Whereas for nearly all Christians translations of the Bible have necessarily to be accepted as a primary source, for Muslims translations of the Quran are secondary to the original, which ideally needs to be studied and used for prayer in the original Arabic.


_ Robert Nowell

Orthodox Claim Victory in Closing of Gay Nightclub in Russia

MOSCOW (RNS) With the recent closure of a gay nightclub, Orthodox Christian activists are claiming victory over the “evil ulcer” that operated for just 20 days in Yekaterinburg, Russia’s third-largest city.

“Our world is soaked in sin, so a 100 percent win is not possible,” said Russian Orthodox Abbott Flavian (Matveev) by telephone from his Yekaterinburg monastery. “There will be attempts made to open new clubs. We need to be vigilant.”

Matveev, other priests and the local Brotherhood of Orthodox Students picketed, collected 3,000 signatures and threatened a hunger strike unless local authorities shut down the Clone nightclub. The activists said Clone promoted a “sinful” gay lifestyle that endangered youth in the city of 1.3 million.

The Orthodox campaign, and a modest counter-protest by local gay activists, generated substantial and somewhat bemused media interest in what is a local election year.

In the face of the intense negative publicity, the owners of Clone decided Feb. 28 to close the club down rather than risk upsetting local politicians, said Sergei Tonkov, Clone’s art director.

Tonkov said there are no immediate plans to open another club but added, “There is a big enough demand.”


Meanwhile, the Orthodox activists will move on to other projects, Matveev said, declining to name them.

“We’ve got a really bad situation here in terms of morality,” he said, pointing as an example to a local man who changed his name recently to “Harry Ivanovich Potter” so as to boost his chances as a candidate in an upcoming election.

The Harry Potter book series, immensely popular in Russia, is criticized in conservative Russian Orthodox circles as promoting witchcraft, Satanism and New Age beliefs.

_ Frank Brown

Eventual Successor for Global Pastors Network Announced

(RNS) Bill Bright, the ailing founder of Campus Crusade for Christ, has chosen his eventual successor as chairman of Global Pastors Network.

Author and speaker John C. Maxwell, chairman of the INJOY Group in Atlanta, will succeed Bright, the co-founder of the network, following Bright’s death. Bright has pulmonary fibrosis, a life-threatening disease.

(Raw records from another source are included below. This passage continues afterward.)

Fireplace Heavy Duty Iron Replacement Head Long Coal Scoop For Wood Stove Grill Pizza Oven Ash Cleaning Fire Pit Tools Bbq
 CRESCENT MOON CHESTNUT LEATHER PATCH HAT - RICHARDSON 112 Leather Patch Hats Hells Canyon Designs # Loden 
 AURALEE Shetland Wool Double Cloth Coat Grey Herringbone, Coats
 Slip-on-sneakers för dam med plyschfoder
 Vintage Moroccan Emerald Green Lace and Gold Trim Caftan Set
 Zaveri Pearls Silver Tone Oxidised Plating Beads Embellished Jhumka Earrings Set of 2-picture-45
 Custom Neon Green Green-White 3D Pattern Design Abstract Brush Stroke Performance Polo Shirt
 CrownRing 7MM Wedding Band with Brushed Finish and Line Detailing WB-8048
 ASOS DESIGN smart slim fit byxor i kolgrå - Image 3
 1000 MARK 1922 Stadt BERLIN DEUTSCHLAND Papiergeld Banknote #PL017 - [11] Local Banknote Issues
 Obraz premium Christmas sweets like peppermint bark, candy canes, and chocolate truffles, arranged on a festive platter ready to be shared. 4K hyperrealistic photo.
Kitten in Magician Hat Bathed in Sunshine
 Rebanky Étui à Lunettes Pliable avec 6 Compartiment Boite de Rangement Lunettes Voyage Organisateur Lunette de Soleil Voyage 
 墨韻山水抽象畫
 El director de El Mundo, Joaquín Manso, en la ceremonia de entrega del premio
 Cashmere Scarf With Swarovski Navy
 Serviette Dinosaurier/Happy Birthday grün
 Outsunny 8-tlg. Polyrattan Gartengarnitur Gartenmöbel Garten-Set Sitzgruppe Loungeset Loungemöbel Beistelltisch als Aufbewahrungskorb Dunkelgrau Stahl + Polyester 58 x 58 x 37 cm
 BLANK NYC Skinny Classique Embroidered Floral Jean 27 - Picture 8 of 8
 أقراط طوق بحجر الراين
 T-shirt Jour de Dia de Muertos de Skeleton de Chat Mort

Global Pastors Network is a worldwide Internet operation that distributes training materials to pastors worldwide. Construction of a headquarters facility for the network, The Bill Bright Leadership Center, is being planned near the Orlando, Fla., headquarters of Campus Crusade for Christ.


Maxwell, who is involved in global efforts to train Christian leaders, will eventually work with other evangelical Christian executives to oversee the network.

_ Adelle M. Banks

Quote of the Day: Mark Stevens, Southern Baptist Missionary in the Philippines

(RNS) “Don’t worry about the missionaries and don’t call the IMB (International Mission Board) and tell them to send missionaries home. This is part of our calling; it happens _ hopefully not often, but it happens.”

_ Mark Stevens, a missionary with the Southern Baptist Convention’s International Mission Board in Davao City, Philippines. Fellow missionary Bill Hyde died from injuries from a bombing at the city’s airport when he went there March 4 to pick up Stevens’ family. He was quoted by Baptist Press.